Important Information about the Tender Offer

This press release is neither an offer to purchase nor a solicitation of an offer to sell shares of Data Domain, Inc.  EMC Corporation and Envoy Merger Corporation have filed with the SEC a tender offer statement on Schedule TO containing an offer to purchase, forms of letters of transmittal and other documents relating to the tender offer, and these documents have been mailed to the stockholders of Data Domain, Inc. These documents contain important information about the tender offer and stockholders of Data Domain, Inc. are urged to read them. Investors and stockholders of Data Domain, Inc. are able to obtain a free copy of these documents and other documents filed by EMC Corporation and Envoy Merger Corporation with the SEC at the website maintained by the SEC at www.sec.gov. In addition, the tender offer statement and related materials may be obtained for free by directing such requests to EMC Corporation at Attention: Office of the General Counsel, 176 South Street, Hopkinton, MA 01748.

About EMC

EMC Corporation (NYSE: EMC) is the world's leading developer and provider of information infrastructure technology and solutions that enable organizations of all sizes to transform the way they compete and create value from their information. Information about EMC's products and services can be found at www.EMC.com.

Press Contacts

Dave Farmer
508-293-7206
farmer_dave@emc.com

EMC is a registered trademark of EMC Corporation. All other trademarks used are the property of their respective owners.

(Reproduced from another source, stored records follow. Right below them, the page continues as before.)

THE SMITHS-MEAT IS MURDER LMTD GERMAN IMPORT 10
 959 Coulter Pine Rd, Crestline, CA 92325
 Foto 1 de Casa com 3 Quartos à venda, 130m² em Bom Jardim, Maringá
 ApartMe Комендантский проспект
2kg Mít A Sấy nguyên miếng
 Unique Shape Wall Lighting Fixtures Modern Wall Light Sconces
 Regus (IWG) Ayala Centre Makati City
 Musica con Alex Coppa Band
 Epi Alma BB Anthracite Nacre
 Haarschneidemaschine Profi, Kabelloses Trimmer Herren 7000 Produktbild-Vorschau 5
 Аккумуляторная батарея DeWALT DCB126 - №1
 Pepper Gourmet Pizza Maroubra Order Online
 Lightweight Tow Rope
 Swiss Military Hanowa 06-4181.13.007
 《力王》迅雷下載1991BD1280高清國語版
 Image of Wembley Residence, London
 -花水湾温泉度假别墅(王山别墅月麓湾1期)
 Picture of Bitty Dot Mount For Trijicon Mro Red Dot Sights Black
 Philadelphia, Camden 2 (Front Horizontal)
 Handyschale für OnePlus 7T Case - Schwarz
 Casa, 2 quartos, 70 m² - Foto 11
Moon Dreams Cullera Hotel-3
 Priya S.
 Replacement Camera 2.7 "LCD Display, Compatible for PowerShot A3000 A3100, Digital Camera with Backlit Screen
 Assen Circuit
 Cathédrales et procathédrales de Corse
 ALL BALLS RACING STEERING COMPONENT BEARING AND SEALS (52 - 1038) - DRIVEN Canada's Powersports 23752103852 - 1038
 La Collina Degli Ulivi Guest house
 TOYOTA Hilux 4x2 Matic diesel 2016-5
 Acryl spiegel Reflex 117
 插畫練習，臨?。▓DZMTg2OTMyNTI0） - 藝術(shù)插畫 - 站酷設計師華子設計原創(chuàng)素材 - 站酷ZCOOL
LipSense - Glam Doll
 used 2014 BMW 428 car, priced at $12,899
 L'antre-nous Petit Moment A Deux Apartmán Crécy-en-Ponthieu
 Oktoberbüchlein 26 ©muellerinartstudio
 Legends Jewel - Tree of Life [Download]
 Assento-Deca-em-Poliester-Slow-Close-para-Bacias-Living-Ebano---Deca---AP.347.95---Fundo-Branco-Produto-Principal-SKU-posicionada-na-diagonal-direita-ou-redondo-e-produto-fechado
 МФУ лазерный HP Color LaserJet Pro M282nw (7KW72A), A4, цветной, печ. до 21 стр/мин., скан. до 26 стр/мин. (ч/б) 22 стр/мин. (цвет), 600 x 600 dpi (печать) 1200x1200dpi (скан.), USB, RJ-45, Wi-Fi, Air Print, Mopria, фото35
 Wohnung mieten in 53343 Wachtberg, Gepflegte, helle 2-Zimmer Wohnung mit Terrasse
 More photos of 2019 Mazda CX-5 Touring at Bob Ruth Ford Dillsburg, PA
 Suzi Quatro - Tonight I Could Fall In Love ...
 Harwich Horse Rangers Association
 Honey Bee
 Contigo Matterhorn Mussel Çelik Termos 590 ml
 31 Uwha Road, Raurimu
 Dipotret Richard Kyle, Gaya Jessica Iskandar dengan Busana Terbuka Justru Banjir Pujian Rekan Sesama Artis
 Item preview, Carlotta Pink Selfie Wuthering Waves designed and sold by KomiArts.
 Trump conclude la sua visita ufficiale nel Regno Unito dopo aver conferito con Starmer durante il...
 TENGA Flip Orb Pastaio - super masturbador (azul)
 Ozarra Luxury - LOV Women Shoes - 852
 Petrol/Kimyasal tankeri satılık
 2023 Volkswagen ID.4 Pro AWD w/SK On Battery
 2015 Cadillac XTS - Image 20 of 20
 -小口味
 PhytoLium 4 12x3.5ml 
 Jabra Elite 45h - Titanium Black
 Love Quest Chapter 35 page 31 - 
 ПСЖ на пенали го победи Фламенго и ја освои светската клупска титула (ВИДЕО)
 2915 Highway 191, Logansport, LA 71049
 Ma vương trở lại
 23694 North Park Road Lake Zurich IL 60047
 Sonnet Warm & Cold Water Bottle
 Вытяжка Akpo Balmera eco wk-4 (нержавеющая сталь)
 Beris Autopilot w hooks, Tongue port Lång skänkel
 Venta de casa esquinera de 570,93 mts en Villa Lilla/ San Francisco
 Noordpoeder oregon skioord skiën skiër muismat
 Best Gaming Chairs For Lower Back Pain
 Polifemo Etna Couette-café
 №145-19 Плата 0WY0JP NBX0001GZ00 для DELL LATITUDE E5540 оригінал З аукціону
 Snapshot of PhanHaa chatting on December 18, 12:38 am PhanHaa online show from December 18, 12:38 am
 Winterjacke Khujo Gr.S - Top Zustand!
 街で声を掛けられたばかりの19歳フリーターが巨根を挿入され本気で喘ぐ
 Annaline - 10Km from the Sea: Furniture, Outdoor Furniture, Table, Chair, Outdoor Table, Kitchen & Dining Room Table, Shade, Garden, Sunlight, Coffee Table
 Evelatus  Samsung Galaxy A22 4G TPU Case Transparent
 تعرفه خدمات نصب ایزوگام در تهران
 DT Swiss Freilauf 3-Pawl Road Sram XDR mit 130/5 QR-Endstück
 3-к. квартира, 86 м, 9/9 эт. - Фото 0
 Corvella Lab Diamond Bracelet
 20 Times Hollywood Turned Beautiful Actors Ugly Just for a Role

Forward-Looking Statements

This release contains "forward-looking statements" as defined under the Federal Securities Laws. Actual results could differ materially from those projected in the forward-looking statements as a result of certain risk factors, including but not limited to: (i) adverse changes in general economic or market conditions; (ii) delays or reductions in information technology spending; (iii) our ability to protect our proprietary technology; (iv) risks associated with managing the growth of our business, including risks associated with acquisitions and investments and the challenges and costs of integration, restructuring and achieving anticipated synergies; (v) fluctuations in VMware, Inc.’s operating results and risks associated with trading of VMware stock; (vi) competitive factors, including but not limited to pricing pressures and new product introductions; (vii) the relative and varying rates of product price and component cost declines and the volume and mixture of product and services revenues; (viii) component and product quality and availability; (ix) the transition to new products, the uncertainty of customer acceptance of new product offerings and rapid technological and market change; (x) insufficient, excess or obsolete inventory; (xi) war or acts of terrorism; (xii) the ability to attract and retain highly qualified employees; (xiii) fluctuating currency exchange rates; (xiv) litigation that we may be involved in; and (xv) other one-time events and other important factors disclosed previously and from time to time in EMC’s filings with the U.S. Securities and Exchange Commission. These statements are forward-looking, and actual results may differ materially. EMC disclaims any obligation to update any forward-looking statements in this release after the date of this release.